Vegetarian fitness and running
[showmyads] Although countless studies have consistently been proving otherwise, there are still quite a number of skeptics and misinformed individuals who believe that a vegetarian diet is too restricting to be able to push the body to its peak athletic abilities. With the rigorous demands of fitness and competitive running, this misguided view of the vegetarian diet is all the more given undue merit for argument.
Is it possible to engage in fitness and competitive running while being a vegetarian at the same time?
In answer to that question, Carl Lewis, one of the most celebrated Olympic athletes of all time, hauled a total of 9 gold medals after switching to veganism. While Carl Lewis was a sprinter, Eat and Run author Scot Jurek on the other hand is a world champion ultra-marathoner who regularly competes and wins in running competitions where distances range from 100 to 150 miles or more. Just like Lewis, Jurek is also a vegan.
Skeptics will most likely argue that the two athletes mentioned above are mere exceptions but there is a long list of vegetarian athletes who credit their success to their chosen lifestyle and eating habits. Despite the success of many vegetarian runners or athletes in general, many skeptics are still finding it hard to accept that a vegetarian can perform well or even better athletically.
Let us look at the most common myths about the vegetarian diet and see why some think that it is not the best diet for those who run competitively or take up running as a fitness regimen.
Myth # 1. Vegetarians can’t get enough protein.
This is perhaps the most pervasive misconceptions about the vegetarian diet as protein is almost always associated with meat. The richest source of protein however is not meat, but cheese and whey. Lacto vegetarians (those who consume dairy products) will have no problems loading up on proteins from cheese and whey alone. Ovo vegetarians have a steady source of a protein from eggs whites.
Of course lacto and ovo vegetarians can also take dibs at the rich vegan (those who do not consume any food derived from animals) sources of protein like beans, nuts, seeds, whole grains, soy products and even leafy greens like celery and spinach. This may still come as news to most people but vegetarians actually consume more protein than what the body requires on a daily basis.
Myth # 2. Vegetarians can’t get enough calories.
Considering that most carbohydrates, both simple and complex, come from plant sources, it seems silly to discuss this myth any further. Carbohydrate and calorie rich foods such as whole grains, potatoes, pastas, nuts and fruits have always been part of the vegetarian diet.
Myth # 3. Vegetarian diet lack essential nutrients.
Just as a non-vegetarian can’t get any vitamin C from meat, vegetarians may also experience difficulties in getting enough nutrients such as iron, zinc and vitamin B12 from plant sources. And just as a non-vegetarian will need to take steps to ensure that he gets enough vitamin C or beta carotene, vegetarians will also need to take measures to ensure that their body gets enough nutrients like iron, zinc and vitamin B12. This can easily be done by adjusting the diet to make room for more of the nutrients from plant sources or through supplementation.
Whether one takes up running competitively or as a fitness regimen, proper nutrition is essential. In that respect, both non-vegetarian and vegetarian runners must give special attention to their diets, making the necessary adjustments and tweaks to best complement their training program.

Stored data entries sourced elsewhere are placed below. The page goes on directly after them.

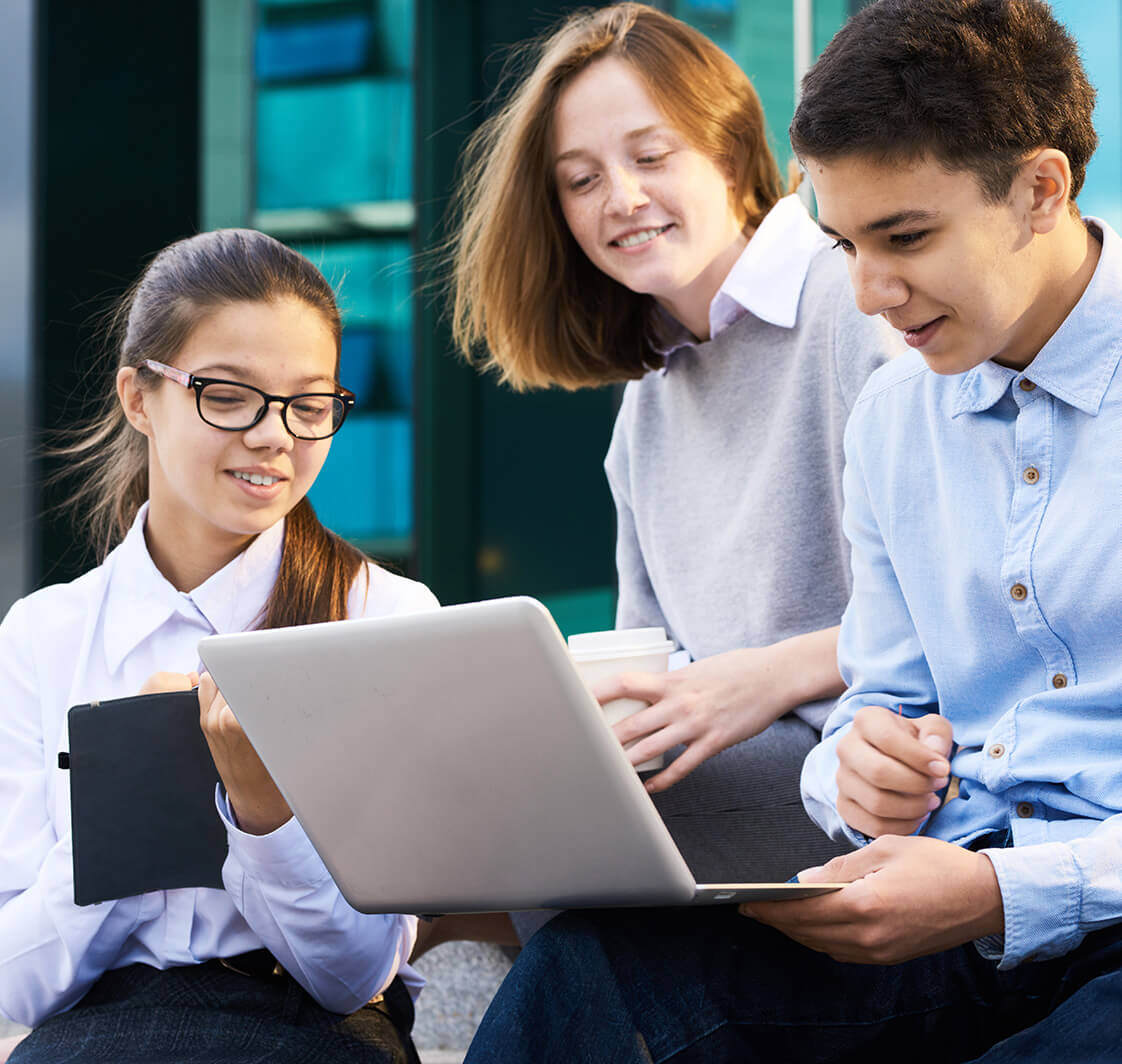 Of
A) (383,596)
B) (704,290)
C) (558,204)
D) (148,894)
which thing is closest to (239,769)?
(148,894)

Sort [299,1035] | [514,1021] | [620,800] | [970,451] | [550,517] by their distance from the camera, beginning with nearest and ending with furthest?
[620,800] < [514,1021] < [970,451] < [299,1035] < [550,517]

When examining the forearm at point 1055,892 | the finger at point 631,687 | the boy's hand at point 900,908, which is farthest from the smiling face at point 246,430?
the forearm at point 1055,892

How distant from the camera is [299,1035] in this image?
1.65 m

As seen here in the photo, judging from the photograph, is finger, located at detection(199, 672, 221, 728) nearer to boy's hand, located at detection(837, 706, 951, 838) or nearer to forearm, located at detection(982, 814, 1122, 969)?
boy's hand, located at detection(837, 706, 951, 838)

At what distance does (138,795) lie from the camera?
5.21 ft

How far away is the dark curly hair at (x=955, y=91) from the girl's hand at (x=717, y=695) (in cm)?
75

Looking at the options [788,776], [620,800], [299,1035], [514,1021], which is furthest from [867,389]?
[299,1035]

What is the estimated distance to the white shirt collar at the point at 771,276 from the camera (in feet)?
7.37

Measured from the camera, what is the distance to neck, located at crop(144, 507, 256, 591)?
199cm

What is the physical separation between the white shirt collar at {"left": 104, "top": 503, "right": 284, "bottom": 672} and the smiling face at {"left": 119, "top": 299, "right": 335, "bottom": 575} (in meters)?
0.06

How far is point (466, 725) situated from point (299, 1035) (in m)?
0.70

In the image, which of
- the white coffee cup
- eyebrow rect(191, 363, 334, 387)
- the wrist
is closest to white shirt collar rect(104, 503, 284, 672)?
eyebrow rect(191, 363, 334, 387)

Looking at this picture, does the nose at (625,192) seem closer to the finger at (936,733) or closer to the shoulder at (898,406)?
the shoulder at (898,406)

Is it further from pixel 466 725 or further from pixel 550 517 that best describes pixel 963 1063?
pixel 550 517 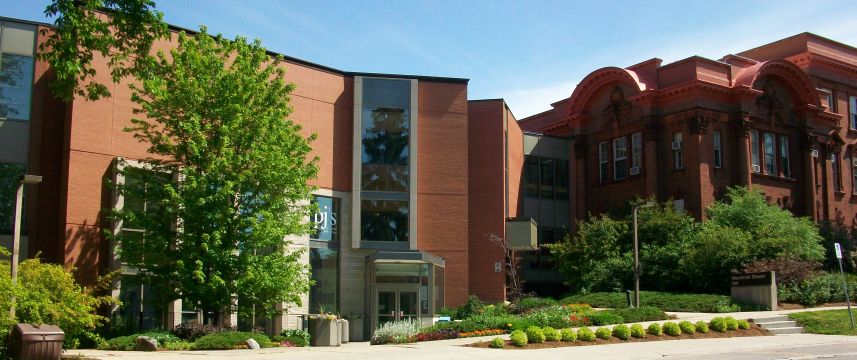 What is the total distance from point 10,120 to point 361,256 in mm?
14074

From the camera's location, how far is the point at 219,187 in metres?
26.3

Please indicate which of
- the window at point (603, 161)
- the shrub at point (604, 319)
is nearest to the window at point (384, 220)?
the shrub at point (604, 319)

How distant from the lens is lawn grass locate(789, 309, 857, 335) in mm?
27747

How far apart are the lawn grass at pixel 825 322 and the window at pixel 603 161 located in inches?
749

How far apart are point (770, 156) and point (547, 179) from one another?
1172 centimetres

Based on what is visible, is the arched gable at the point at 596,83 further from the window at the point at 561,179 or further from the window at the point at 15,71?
the window at the point at 15,71

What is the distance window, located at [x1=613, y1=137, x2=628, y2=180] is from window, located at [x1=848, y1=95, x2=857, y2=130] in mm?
14433

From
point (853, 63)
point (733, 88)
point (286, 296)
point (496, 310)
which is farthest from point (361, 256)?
point (853, 63)

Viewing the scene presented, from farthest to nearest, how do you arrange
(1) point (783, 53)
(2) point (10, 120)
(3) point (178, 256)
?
(1) point (783, 53), (2) point (10, 120), (3) point (178, 256)

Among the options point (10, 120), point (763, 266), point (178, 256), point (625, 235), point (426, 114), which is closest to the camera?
point (178, 256)

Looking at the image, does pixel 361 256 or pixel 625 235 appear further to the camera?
pixel 625 235

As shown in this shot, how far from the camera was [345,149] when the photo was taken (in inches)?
1449

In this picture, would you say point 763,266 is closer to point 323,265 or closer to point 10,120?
point 323,265

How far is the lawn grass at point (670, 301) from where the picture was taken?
109 feet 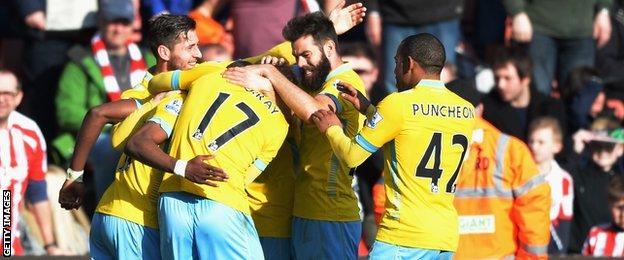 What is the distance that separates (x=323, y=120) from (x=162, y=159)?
996 mm

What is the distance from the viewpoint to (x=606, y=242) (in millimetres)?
13586

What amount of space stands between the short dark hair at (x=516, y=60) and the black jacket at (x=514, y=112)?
26 cm

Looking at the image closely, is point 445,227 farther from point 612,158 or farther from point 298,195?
point 612,158

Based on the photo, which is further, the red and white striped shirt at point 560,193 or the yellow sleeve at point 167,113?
the red and white striped shirt at point 560,193

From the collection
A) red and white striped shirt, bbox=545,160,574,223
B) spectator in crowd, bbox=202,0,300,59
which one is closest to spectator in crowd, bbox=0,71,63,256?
spectator in crowd, bbox=202,0,300,59

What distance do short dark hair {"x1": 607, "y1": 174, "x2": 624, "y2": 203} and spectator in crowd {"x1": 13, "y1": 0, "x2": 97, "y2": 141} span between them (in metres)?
4.65

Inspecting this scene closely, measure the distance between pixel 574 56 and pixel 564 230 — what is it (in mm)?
2066

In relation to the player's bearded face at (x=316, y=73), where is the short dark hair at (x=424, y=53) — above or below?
above

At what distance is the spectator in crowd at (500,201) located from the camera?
37.1 feet

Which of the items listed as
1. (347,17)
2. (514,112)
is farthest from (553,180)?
(347,17)

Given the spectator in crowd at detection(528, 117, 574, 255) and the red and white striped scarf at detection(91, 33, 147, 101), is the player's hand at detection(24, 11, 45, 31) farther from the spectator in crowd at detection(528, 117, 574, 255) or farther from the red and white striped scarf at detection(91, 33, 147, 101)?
the spectator in crowd at detection(528, 117, 574, 255)

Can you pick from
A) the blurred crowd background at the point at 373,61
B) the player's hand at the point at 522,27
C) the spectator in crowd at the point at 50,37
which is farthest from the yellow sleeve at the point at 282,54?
the player's hand at the point at 522,27

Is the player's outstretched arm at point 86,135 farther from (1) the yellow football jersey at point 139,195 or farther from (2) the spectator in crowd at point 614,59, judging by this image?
(2) the spectator in crowd at point 614,59

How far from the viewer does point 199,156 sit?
30.2 feet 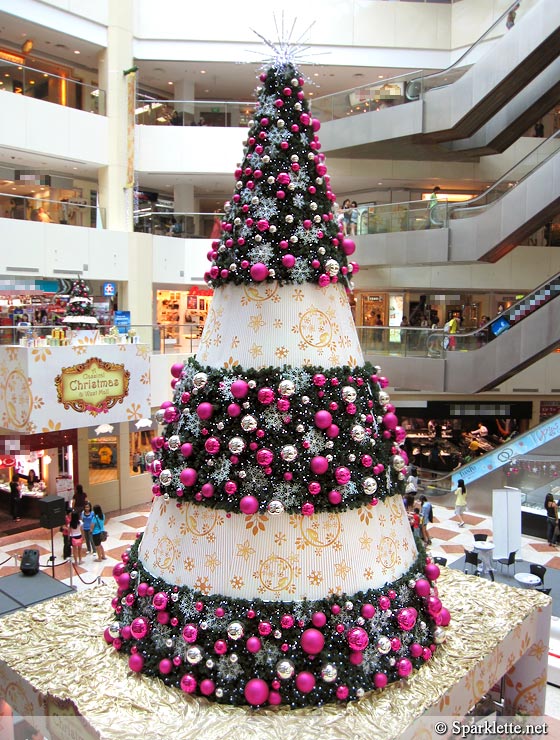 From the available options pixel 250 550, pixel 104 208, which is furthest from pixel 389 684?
pixel 104 208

Will the vegetarian runner be at a disadvantage because of the lack of meat in his diet? Based on the facts presented above, the answer obviously is no. Whether one is a vegetarian or otherwise, the key is to figure out how much protein and carbohydrates the training program will require and to make sure to get enough of it in their diet plan.
With even more successful vegetarian runners coming out of the woodwork, it would seem as though the diet puts the vegetarian runner at an advantage over their meat eating counterparts. Come to think of it, the vegetarian diet is replete with vitamins, minerals, fibers and antioxidants minus the LDLs, trans fat and other unhealthy components that comes with meat products.
In that regard, it certainly wouldn’t be a stretch to think that the vegetarian diet and running goes quite well together.